Due to the breaks in the myofilaments, the author additionally recommends specifically providing an amino acid supplement 45 minutes before or after the time of exercise, in order to provide the building blocks needed for the equine to build up their muscle mass (Valberg, 2021).
Antioxidants
Coenzyme Q10 is a key component of the first step in the mitochondrial electron transport chain. Warmblood horses with myofibrillar myopathy have been observed to have a decreased expression of proteins involved in the first step for this electron transport (Williams et al, 2021). When fed to healthy horses, cysteine and coenzyme Q10 were found to increase mitochondrial proteins (Valberg, 2021).
Exercise
Training programs for horses with myofibrillar myopathy vary depending on the severity of exercise intolerance. The horse may benefit from more rest between exercise bouts or lower-intensity exercise. Indeed, many owners of myofibrillar myopathy horses have found that 3 days of work followed by 2 days off work suits the horse best (Valberg, 2021). Initially, exercise should only be of a short duration (approximately 15–20 minutes in total). As the horse adjusts to treatment, the total ride time can be increased, gradually and slowly to approximately 30–45 minutes. Rest periods should be provided throughout the exercise to allow the horse to stretch their muscles.
Many horses benefit from a balance of work and rest to promote muscle recovery and tissue repair following exercise. A schedule of three work days followed by two rest days is believed to reduce stiffness and support post-exercise recovery (Valberg, 2021).
If possible, it is recommended that periods of complete inactivity are avoided and, instead, a consistent training routine is maintained for developing conditioning and preventing myofibrillar myopathy episodes.
Conclusions
The PSSM1 mutation causes the glycogen synthase enzyme to be overactive, resulting in the constant over-supply and production of glycogen. Both PSSM1 and PSSM2 have the same main nutritional guidelines including a reduction in feeds that promote muscle glycogen synthesis (i.e. starches and sugars), providing fat as an alternative fuel and promoting oxidative metabolism through exercise.

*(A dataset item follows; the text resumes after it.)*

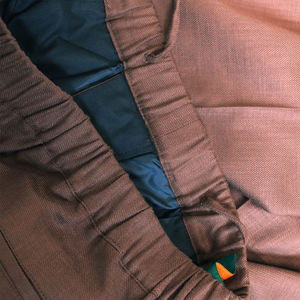 <b>Men's</b> Suit <b>Pants</b> Slim Fit Stretch Casual <b>Men's</b> <b>Mens</b> <b>Linen</b> Elastic Drawstring Waist Straight Leg Business Casual Trouser - Product Image 5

For myofibrillar myopathy certain supplements may be recommended in addition to the general dietary changes.
KEY POINTS
- Polysaccharide storage myopathy (PSSM) is characterised as the dissolution of skeletal muscle in association with exercise.
- Genetic testing now distinguishes two forms of PSSM – PSSM1 and PSSM2 – and more recently, a sub-type called myofibrillar myopathy, which causes exercise intolerance in horses
- PSSM1 in horses is associated with a variety of clinical signs, including intermittent exertional rhabdomyolysis, muscle fasciculations, muscle atrophy, gait abnormalities and paresis.
- Nutritional management of PSSM1 cases involves ensuring that rations are low in both starch and sugar (with high-fat levels, if additional energy is required as exercise levels increase).
- The same nutritional and exercise regime prescribed for PSSM1 is also recommended for PSSM2.
- Diet alone will not improve the muscle function of horses with PSSM1 and PSSM2. Exercise is crucial in increasing mitochondrial capacity to oxidise fats.